**Exercise brief**
"this 1344×896 image." appears in one line of the records below. Output that line and each one after it, exactly, through the last line.

(Phrase grounding data)
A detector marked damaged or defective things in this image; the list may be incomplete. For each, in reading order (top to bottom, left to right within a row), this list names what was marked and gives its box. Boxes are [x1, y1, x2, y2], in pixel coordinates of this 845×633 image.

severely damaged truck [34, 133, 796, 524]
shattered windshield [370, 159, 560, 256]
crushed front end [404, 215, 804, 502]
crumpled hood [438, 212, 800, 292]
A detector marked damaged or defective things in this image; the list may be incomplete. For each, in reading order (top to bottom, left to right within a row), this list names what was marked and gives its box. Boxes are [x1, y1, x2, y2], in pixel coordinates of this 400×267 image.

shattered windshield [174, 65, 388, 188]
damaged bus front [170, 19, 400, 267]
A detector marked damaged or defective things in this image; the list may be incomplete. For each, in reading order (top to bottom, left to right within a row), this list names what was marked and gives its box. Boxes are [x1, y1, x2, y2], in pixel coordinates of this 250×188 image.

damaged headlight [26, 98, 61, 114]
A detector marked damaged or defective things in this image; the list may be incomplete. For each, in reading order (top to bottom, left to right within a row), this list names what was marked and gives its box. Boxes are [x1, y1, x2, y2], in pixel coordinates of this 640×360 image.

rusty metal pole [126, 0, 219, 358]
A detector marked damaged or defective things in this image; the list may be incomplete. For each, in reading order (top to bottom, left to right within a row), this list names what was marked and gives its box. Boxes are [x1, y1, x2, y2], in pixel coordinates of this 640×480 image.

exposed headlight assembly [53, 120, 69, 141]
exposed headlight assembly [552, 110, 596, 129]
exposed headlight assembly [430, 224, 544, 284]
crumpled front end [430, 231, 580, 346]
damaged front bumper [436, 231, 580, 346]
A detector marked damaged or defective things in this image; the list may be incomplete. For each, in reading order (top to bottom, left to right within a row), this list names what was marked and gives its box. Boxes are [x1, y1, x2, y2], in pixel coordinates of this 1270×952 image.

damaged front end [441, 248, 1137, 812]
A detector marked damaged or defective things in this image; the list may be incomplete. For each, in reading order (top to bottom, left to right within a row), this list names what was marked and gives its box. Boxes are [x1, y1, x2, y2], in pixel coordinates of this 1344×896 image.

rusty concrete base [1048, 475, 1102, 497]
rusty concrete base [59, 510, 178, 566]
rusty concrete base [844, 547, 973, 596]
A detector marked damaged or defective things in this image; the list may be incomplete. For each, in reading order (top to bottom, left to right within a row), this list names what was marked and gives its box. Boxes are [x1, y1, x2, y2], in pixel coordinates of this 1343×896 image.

**Task solution**
A detector marked damaged or defective things in this image; the list may be incomplete. For each, in reading order (top to bottom, left to right within a row), this list names what was marked and gives its box. Boxes are [x1, y1, x2, y2], in pixel coordinates of this 1344×896 image.

rusty concrete base [1048, 475, 1102, 497]
rusty concrete base [59, 510, 178, 566]
rusty concrete base [844, 547, 973, 596]
A detector marked damaged or defective things in this image; the list may be incomplete. For each, in reading order (top to bottom, left to right within a row), this list names what was marked and gives its box. Boxes are [x1, y1, x2, y2], in pixel coordinates of this 1343×896 image.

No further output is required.